How would you interpret the social climate among campus students?

I think it varies depending on the social networks that students have. How much they’re able to connect with student organizations, sports teams, folks in residential life or folks who are active in commuter life. It’s hard to say candidly, I think that like a lot of colleges there are ways students can sometimes or can be very cliquey… Having said all that, I know folks who have incredibly meaningful relationships here on campus. Some have built relationships with people who are extremely different, who come from all walks of life and they formed bonds that are life long.

Does this relate or differ to the social climate amongst faculty?

Also another really good question. I think college is a very different time, often because people are living in the same area and they have so much in common… In the same mode, faculty often they are juggling so many competing demands that they’re not necessarily able to build the same kinds of relationships I think that it can be very easy for faculty to get to know people who are in their school but miss out on other opportunities to get to know faculty from other schools. There are some people who are really tight and have a great relationships. And other people who never socialize with different faculty members.

Biggest stigma you deal with in your department?

I think people have the assumption that because I am focused on diversity and inclusion and my department is focused on those areas we walk around as paranoid, hypersensitive, race baiting people who are snowflakes and who bash people with different viewpoints. That is not the case, however for people who don’t know us as well, I feel that is their mindset.

Do you feel this is due to people making their own assumptions due to lack of information or plain ignorance?

I think it’s both in terms of people not knowing enough and filling in the blanks, if you will. Then other people not having enough information because we have to spread the word differently. I think some people had very negative experiences as it relates to learning about diversity and inclusion, or they don’t have a lot of experience and so for them this can be a very anxiety provoking topic. It makes them feel very nervous or uncomfortable.

What can you say  has been the biggest lesson you’ve learned through teaching students?

The biggest lesson I’ve learned through teaching students is just how smart, talented, and insightful students are and how capable they are of affecting change in a positive way. Students bring their lived experiences to classes and that allows them to connect with one another and to make the material that I am presenting so much more powerful and enriching then it would otherwise be. I’ve learned so much from my students

If you had the power to change one thing about the school, effective immediately, what would it be?

If I had the power to change one thing about the school effective immediately it would be for us to have a hell of a lot more money to invest in areas that I think would be worthwhile.

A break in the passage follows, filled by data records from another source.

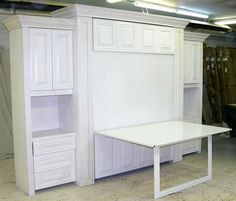 a white table and cabinets in a room with no one on it or someone else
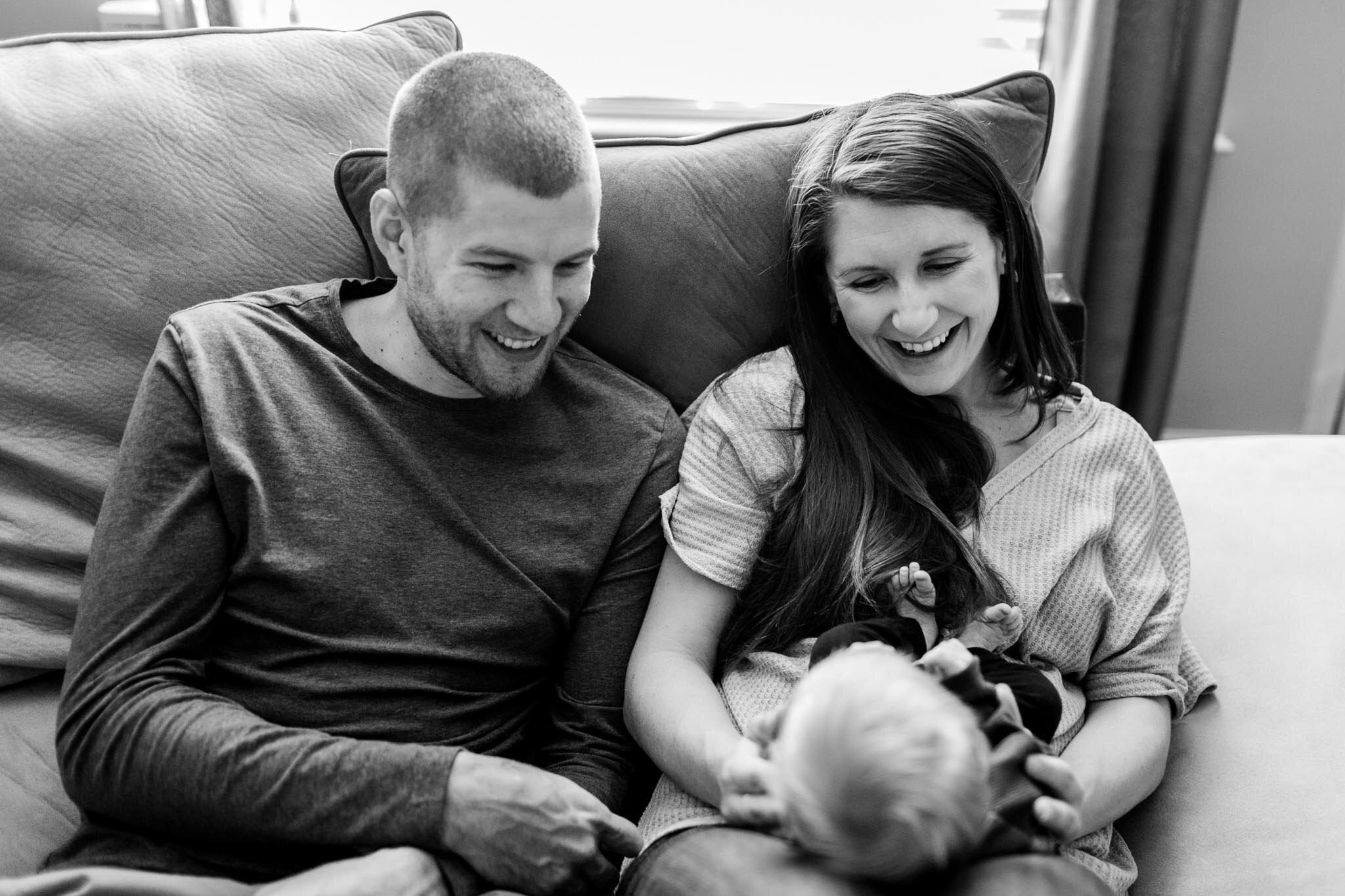 Durham Newborn Photographer | By G. Lin Photography | Black and white photo of parents looking at baby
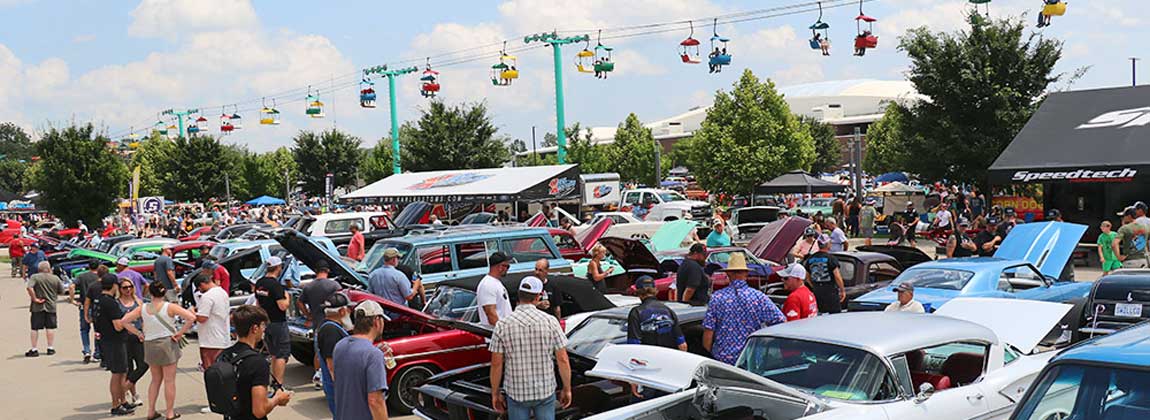 crowd looking at cars
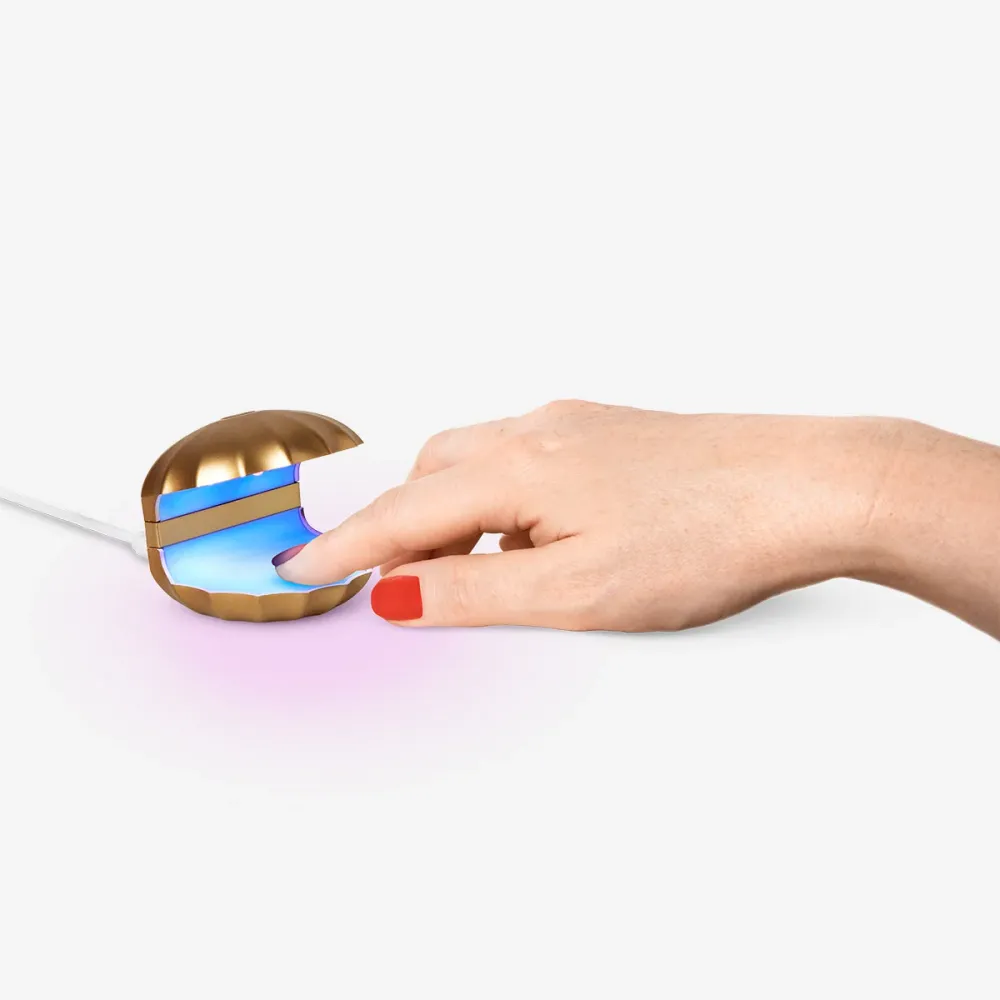 Lampe à ongles coque dorée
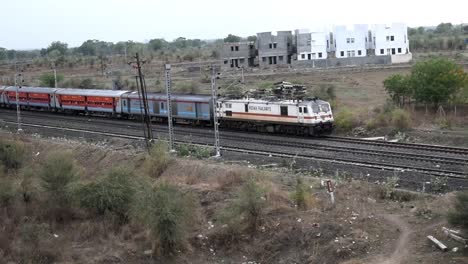 Indian-Passenger-Train-Passing-Through-Midway-of-Forest-Located-in-India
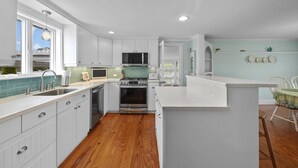 A modern kitchen with white cabinets, a stainless steel sink, and a wooden floor. - Perfect vacation home : Cape Cod Charm & Comfort. Walk to private beach (Bourne)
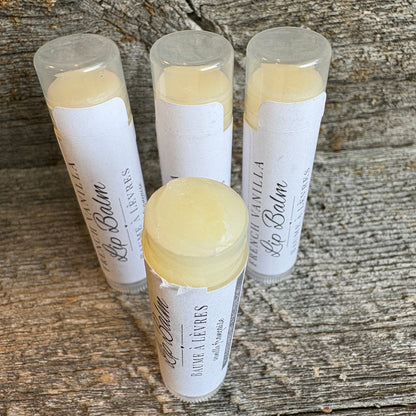 Four tubes of lip balm with white labels and clear caps, showing pale yellow balm inside, arranged on a rustic weathered wood surface. The front tube is open, showing the balm, while the others are closed.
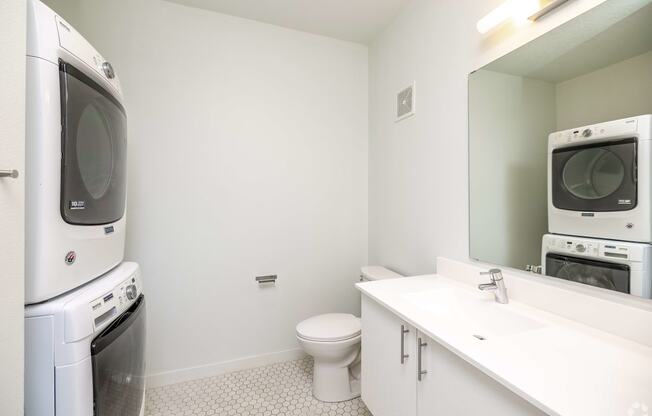 a washer and dryer in a bathroom with a toilet and a sink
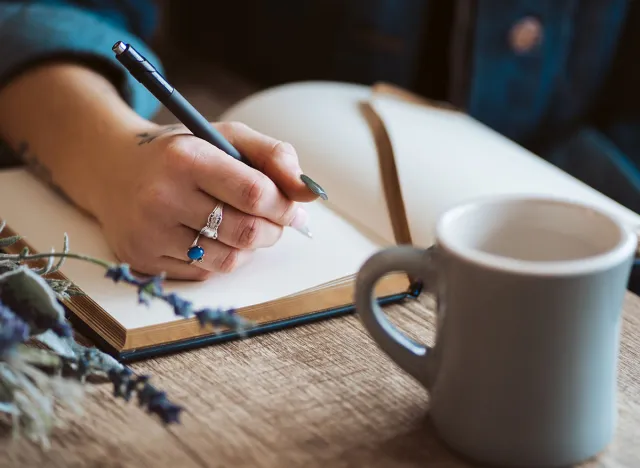 Hand writing in journal with coffee mug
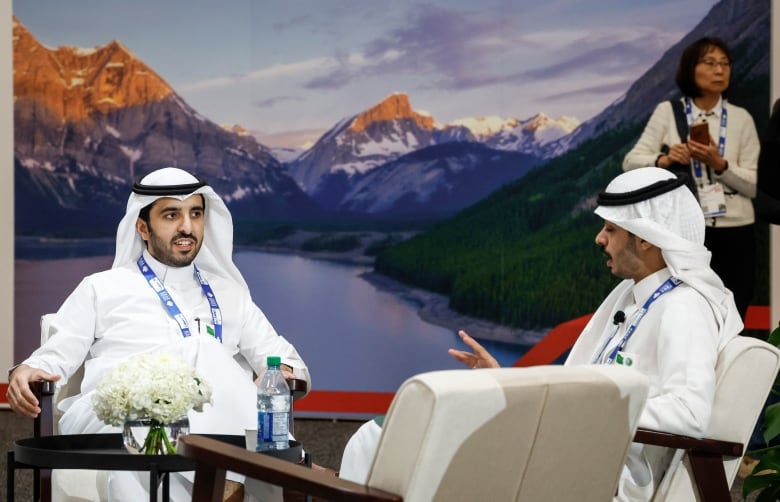 Two people sit in white chairs and talk in front of a large picture of the Rocky Mountains.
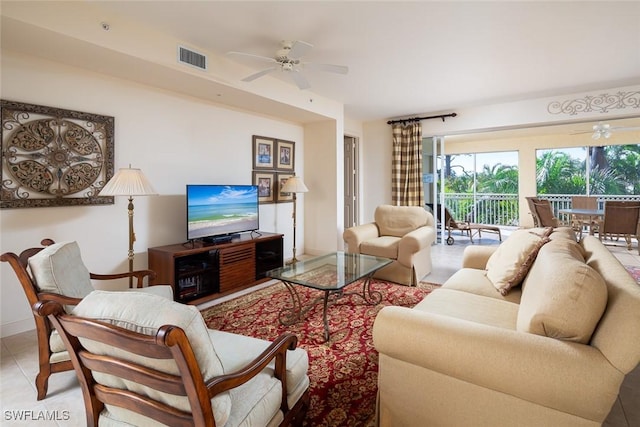 tiled living room featuring ceiling fan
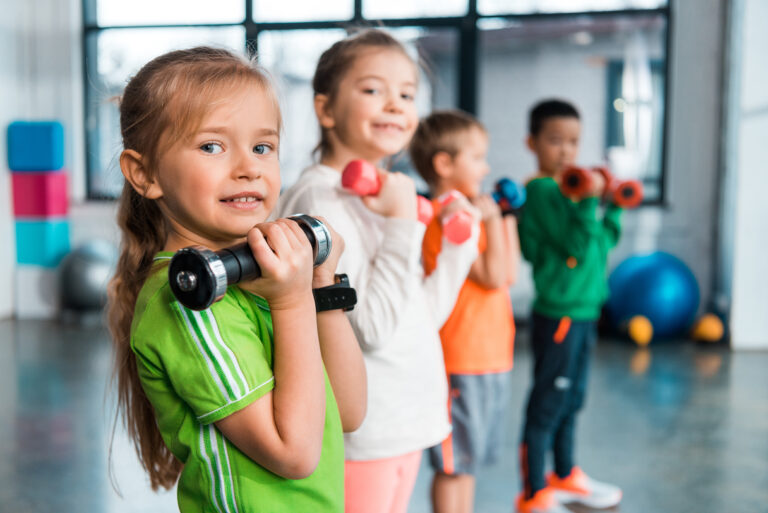 Selective,Focus,Of,Multiethnic,Children,Lined,Up,,Holding,Dumbbells,And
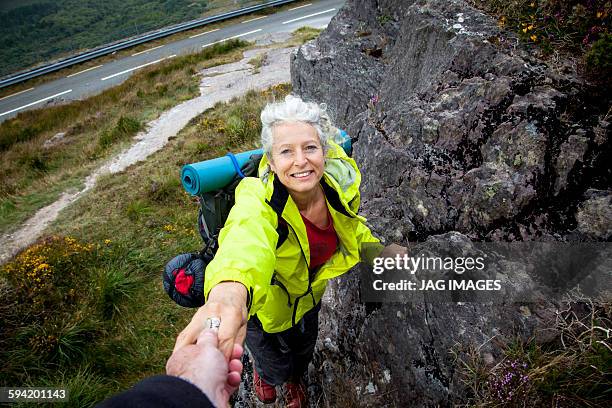 Older woman trekking in the mountains of ireland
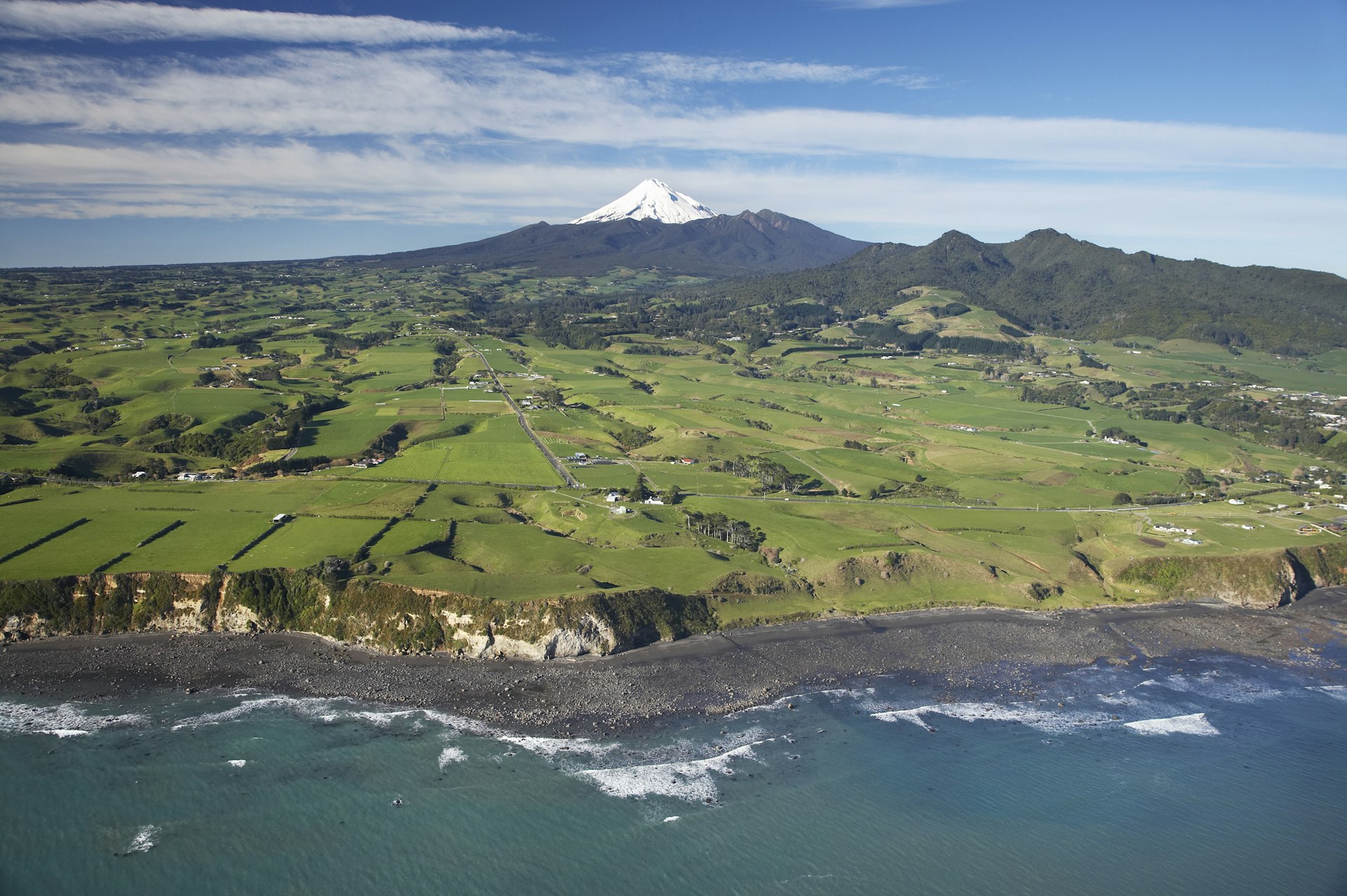 Aerial of Taranaki coastline near New Plymouth with farmland and Mt Taranaki/Mt Egmont in distance. David Wall Photo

That feels like a cop out answer so I’ll come up with something else. I would love it if we could come up with more opportunities for professional development, more time to get to know one another at deeper levels, and [if] we were better positioned to build connections across various differences. I think there’s so many people who are here who work so hard — they really are devoted to our students in our community and unfortunately because of all of those competing demands it doesn’t allow us to really build the kind of connections that I think we need to so that every student feels like they belong here.

Have there been any really great programs that you would have wished students at Lasell could have participated in?

Oh hell yes! There are so many, it’s hard to pick just one. …There is an alumna of Lasell, she graduated in 2005, her name is Natalie Gillard …She designed a game to teach people about structural equality.

Do you believe the school is as inclusive as they say it is?

I don’t believe this school is anywhere near as inclusive as it wants to be. … I don’t feel that we meet those goals. Unfortunately I feel like that’s the case at pretty much every school I’ve ever worked at so I don’t feel like its unique to just Lasell.